# Captioned web images

++++++

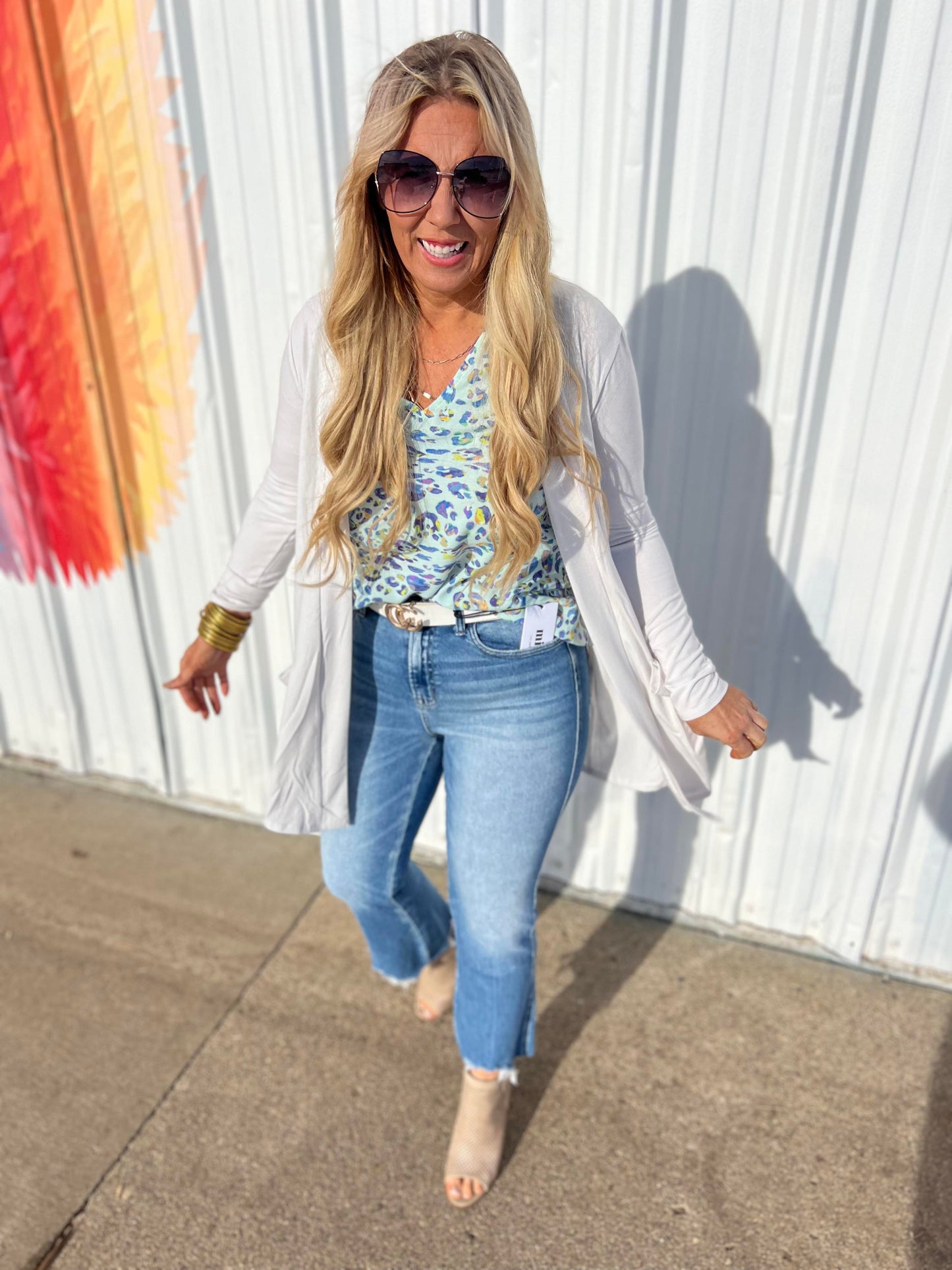 HIGH RISE CROP FLARE W/ UNEVEN HEM DENIM JEANS  | MICA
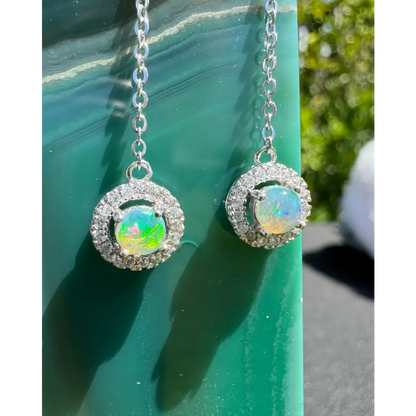 Handcrafted Whitsunday Sparkle earrings featuring 0.7ct Lightning Ridge Opal and diamond halo design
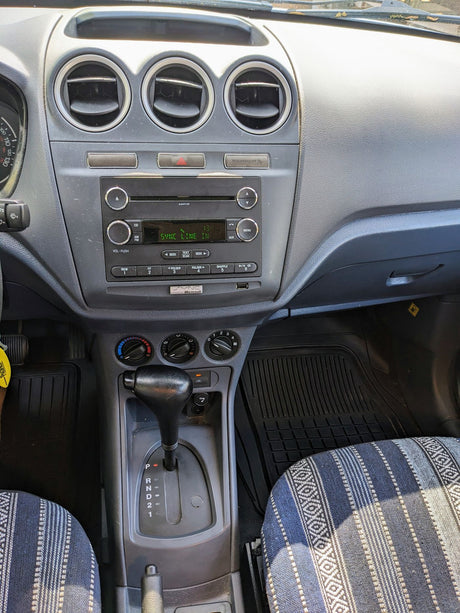 RV rental interior showing the dashboard, Ford SYNC infotainment system, automatic gear shift, and patterned seats.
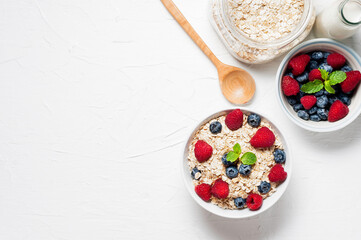 Breakfast, oatmeal with blueberry and raspberry on white bowl in the morning.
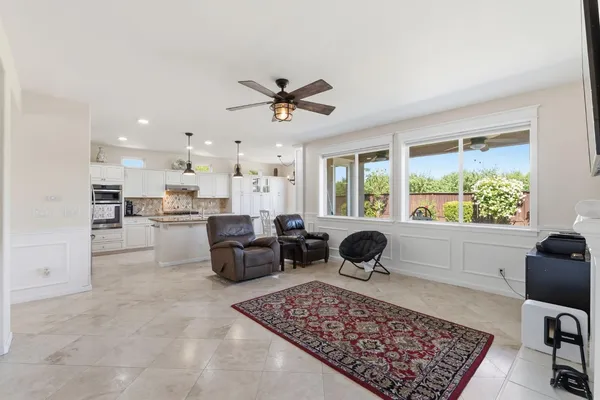 a view of a livingroom with a chandelier fan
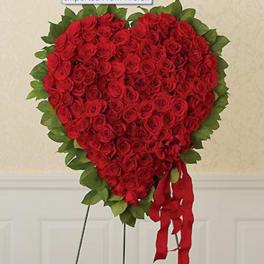 Heart-shaped arrangement of red roses with a red ribbon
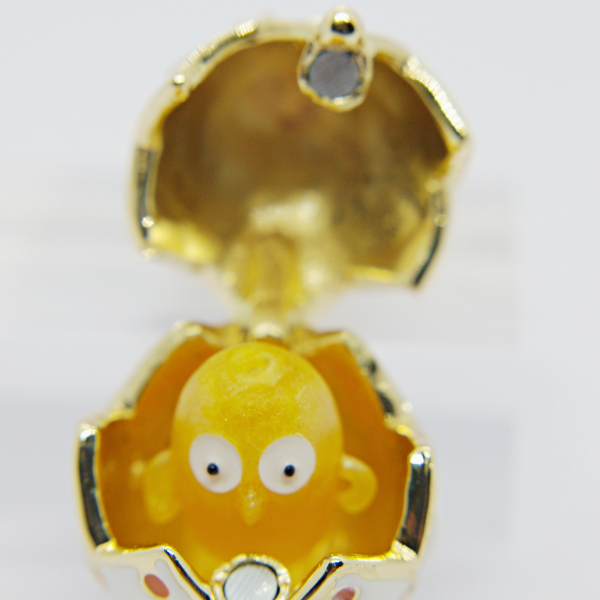 Small yellow toy chick with wide white eyes peeking from a white-and-gold decorative cracked egg with hinged lid.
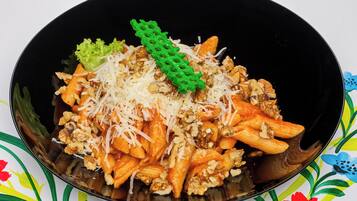 A bowl of pasta with walnuts and grated cheese.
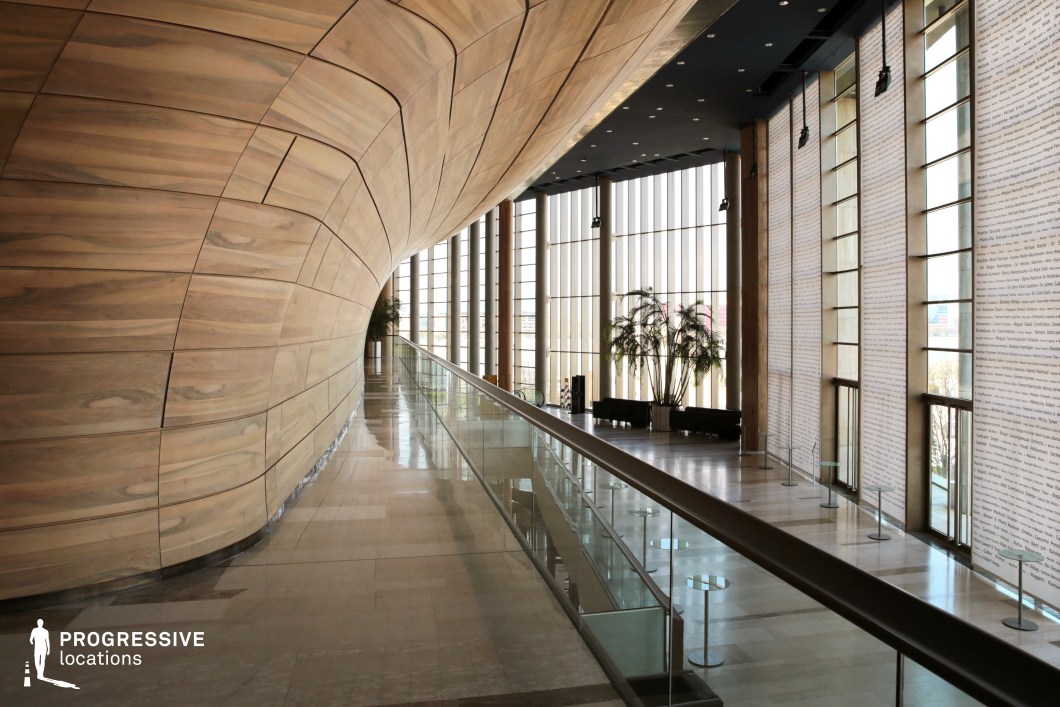 The image captures the striking interior of a contemporary architectural space, defined by sweeping curves and the natural elegance of wood. A smoothly curved wooden wall dominates the scene, creating a dynamic flow that contrasts with the sleek glass railing running along the corridor. The wood panels are arranged in a visually appealing pattern, enhancing the natural warmth and texture of the material. On the left side, tall windows allow natural light to flood the space, offering a panoramic view of the exterior. Potted plants stand gracefully by the windows, adding a touch of greenery to the minimalist design. The spacious, light-filled environment is balanced by the intricate details of the architecture, which include large glass walls adorned with subtle script-like patterns, contributing to the space's sophisticated and artistic ambiance. This setting is ideal for high-end events, modern art exhibitions, or elegant social gatherings, combining functionality with aesthetic appeal in an urban environment.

++++++

# PROBLEM
Please output only the lines running from the one that holds "a view of a livingroom with a chandelier fan" through the last line of the entries, both ends included, without any images.

# EXERCISE OUTPUT
 a view of a livingroom with a chandelier fan
 Heart-shaped arrangement of red roses with a red ribbon
 Small yellow toy chick with wide white eyes peeking from a white-and-gold decorative cracked egg with hinged lid.
 A bowl of pasta with walnuts and grated cheese.
 The image captures the striking interior of a contemporary architectural space, defined by sweeping curves and the natural elegance of wood. A smoothly curved wooden wall dominates the scene, creating a dynamic flow that contrasts with the sleek glass railing running along the corridor. The wood panels are arranged in a visually appealing pattern, enhancing the natural warmth and texture of the material. On the left side, tall windows allow natural light to flood the space, offering a panoramic view of the exterior. Potted plants stand gracefully by the windows, adding a touch of greenery to the minimalist design. The spacious, light-filled environment is balanced by the intricate details of the architecture, which include large glass walls adorned with subtle script-like patterns, contributing to the space's sophisticated and artistic ambiance. This setting is ideal for high-end events, modern art exhibitions, or elegant social gatherings, combining functionality with aesthetic appeal in an urban environment.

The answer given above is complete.